A couple of weeks ago, Mathias Meyer wrote an article entitled “From Open (Unlimited) to Minimum Vacation Policy“, detailing how his company, Travis CI, has moved from away from an “unlimited” vacation policy. Mathias found that the dangers of unlimited vacation policies were coming true: Engineers weren’t taking any or enough vacation to avoid burning out. So, he decided to move Travis to a model where a minimum amount of vacation is required. Sounds great, but doesn’t it seem like we’re right back where we started? Isn’t this just a traditional vacation policy couched in different terms?
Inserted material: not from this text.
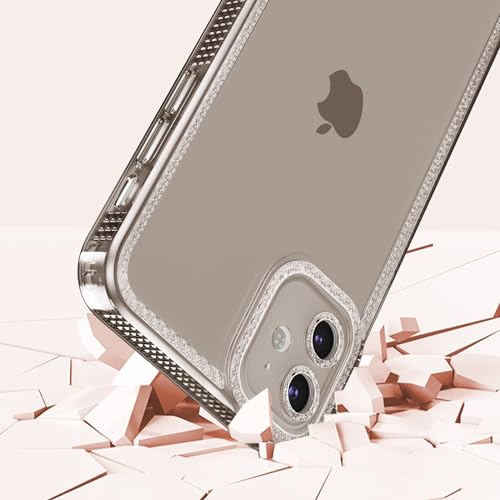 Coque silicone paillettes iPhone 12 transparente grise protection TPU - 3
And what was so bad about traditional vacation policies, anyway?
Many column-inches have been consumed by articles and presentations about the purported benefits (and criticisms) of open vacation policies. Beyond the sense of freedom and responsibility that such a policy conveys, I can boil down the benefits to two tangibles:
- CFOs like open vacation policies because the company isn’t carrying a liability on the books. If vacation days aren’t accrued and carried over from fiscal year to fiscal year, the company isn’t responsible for paying out employees at the end of their tenure.
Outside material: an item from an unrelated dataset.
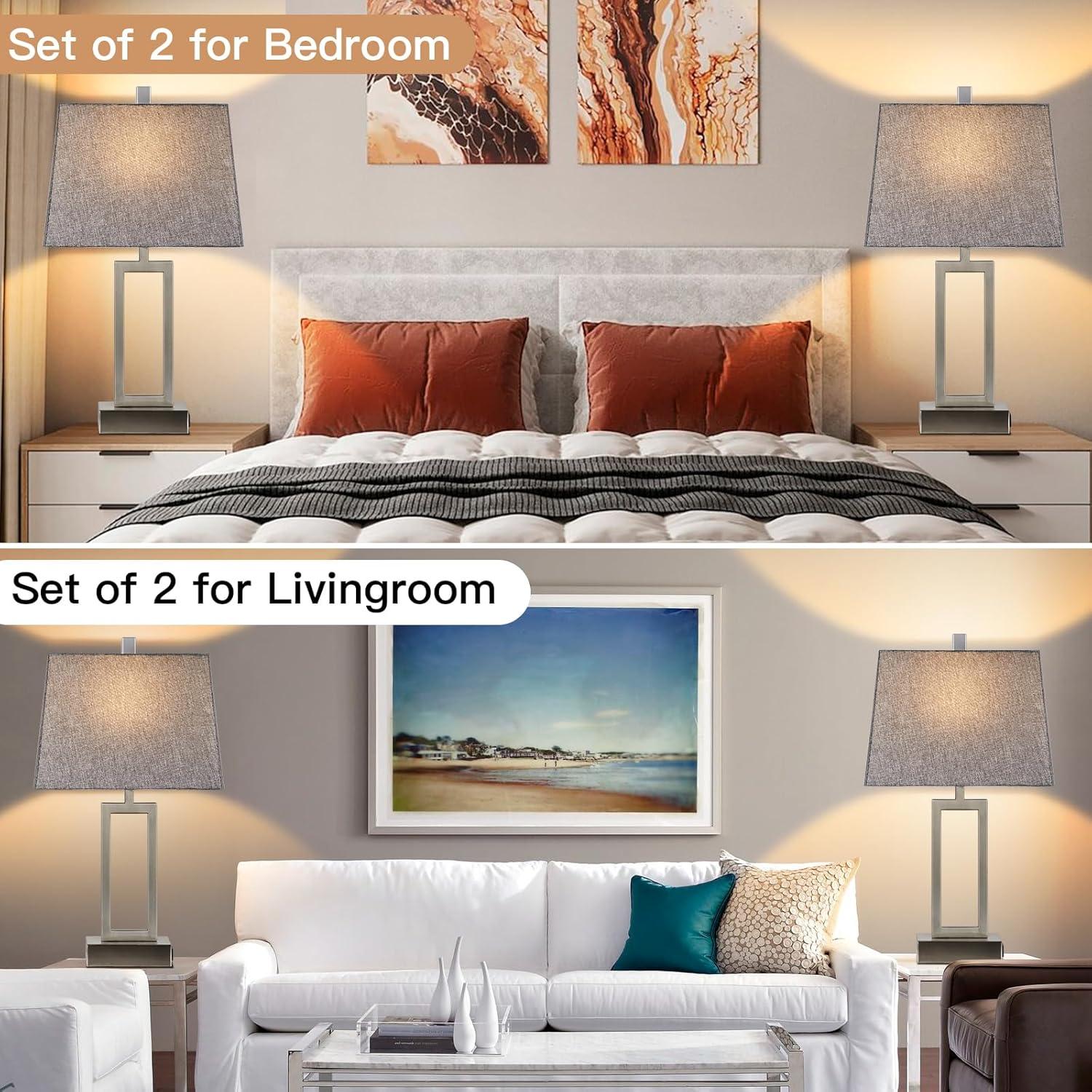 Juego de 2 Lámparas de Mesa Lolikit con Control Táctil y USB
- HR and employees both like not having to keep track of how many vacation days a person has taken and how many remain.
I’ve never been particularly bullish on open vacation policies, for exactly the same reasons Mathias describes. Without an incentive to take vacation, employees won’t; Travis CI’s experience over the last two years proves that out. I am personally guilty of this. Chef implemented an open vacation policy earlier this year, and I have taken fewer vacation days than I normally would, because I’m always “busy”. Yes, I know it’s unhealthy — one is always “busy” — but without an incentive to take vacation (“use it or lose it”), I’m just not motivated to step away from the computer.
Travis’s new policy of minimum vacation smells a lot like a traditional vacation policy, only the semantics are inverted. First of all, if vacation days are being tracked one way or another, that negates the purported second benefit. The only thing that an enforced vacation policy does is achieve the first goal: it limits the company’s financial liability to employees by preventing accruals. But isn’t a traditional (“maximum vacation”) policy without accrual exactly the same as what Travis has implemented? Haven’t we just come full circle?
I’m not sure that all the messing around with vacation policies has really been that useful, beyond the pure marketing value to potential employees. (Obviously, my employer and I have differing views.) For example, CNN reports, quoting the Society for Human Resource Management, that approximately 1% of American companies offer open vacation policies, and that number hasn’t changed in years. Structured appropriately, traditional accrued-vacation policies with the right incentives in place to strongly encourage employees to take vacation (i.e. no carryovers) can be just as effective as open policies.
They just won’t get the same marketing buzz.